Word for word, restate the lines from the one holding "Tateishi Shunyodo Otoso" through the last line of the material below, and leave every picture out.

DATA RECORDS:
>>>

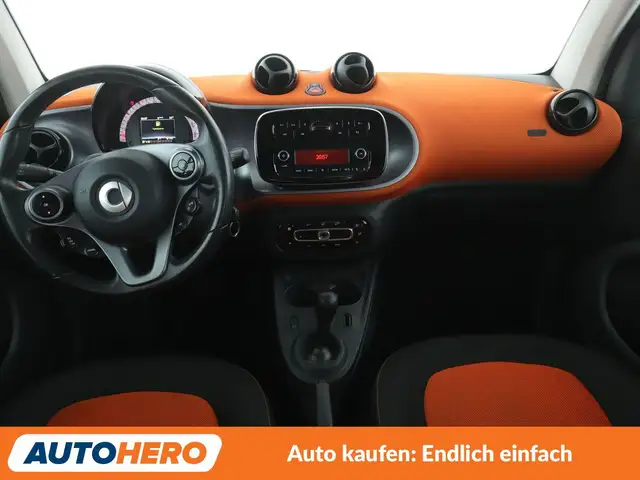Smart Fortwo view 12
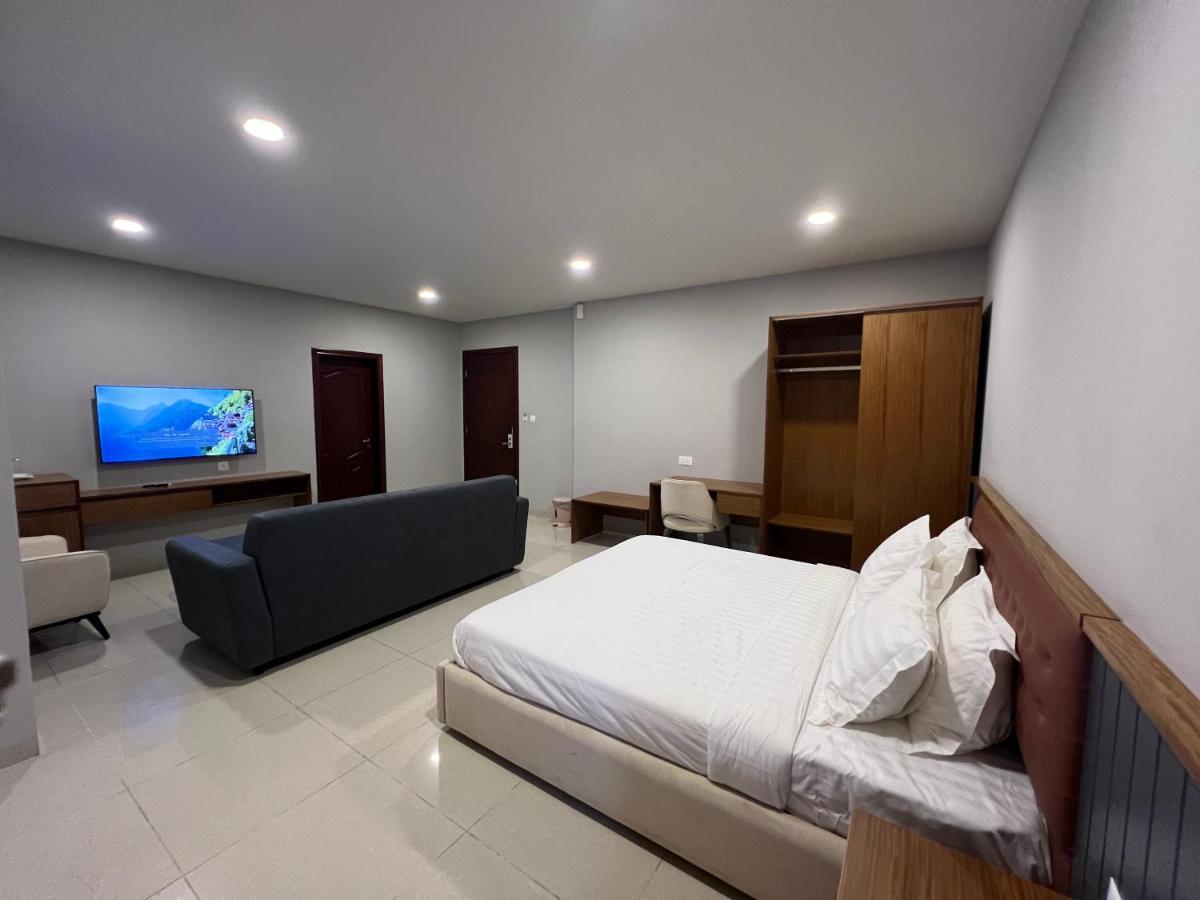 Hotel Golf Coast Kinshasa Ngoại thất bức ảnh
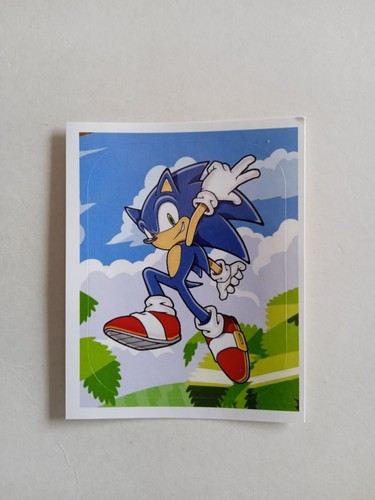 FIGURINE SONIC THE HEDGEHOG PANINI 2024 NUOVE 1/168 - X1/X24 SCEGLI DALLA LISTA - Imagen 7 de 169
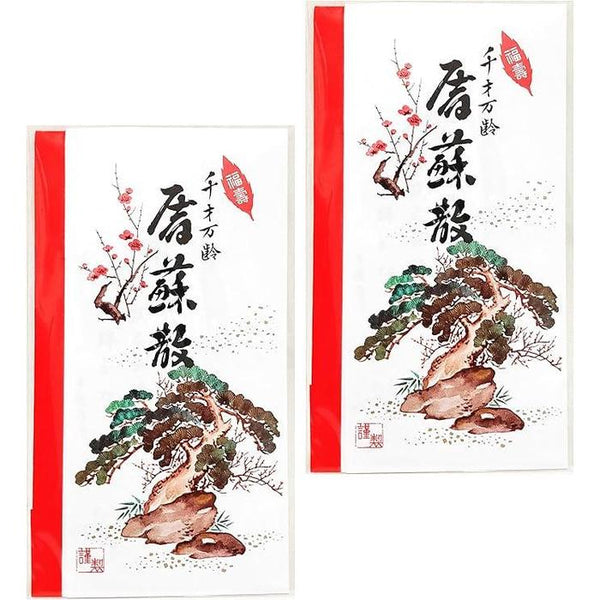 Tateishi Shunyodo Otoso Herbal Mix - 2 x (2g)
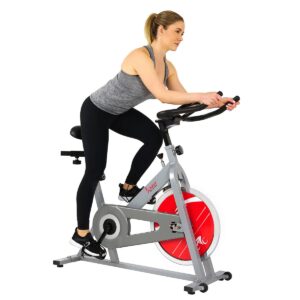 Sunny Health and Fitness (SF-B1001S) Indoor Cycling Bike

<<<

SOLUTION:
 Tateishi Shunyodo Otoso Herbal Mix - 2 x (2g)
 Sunny Health and Fitness (SF-B1001S) Indoor Cycling Bike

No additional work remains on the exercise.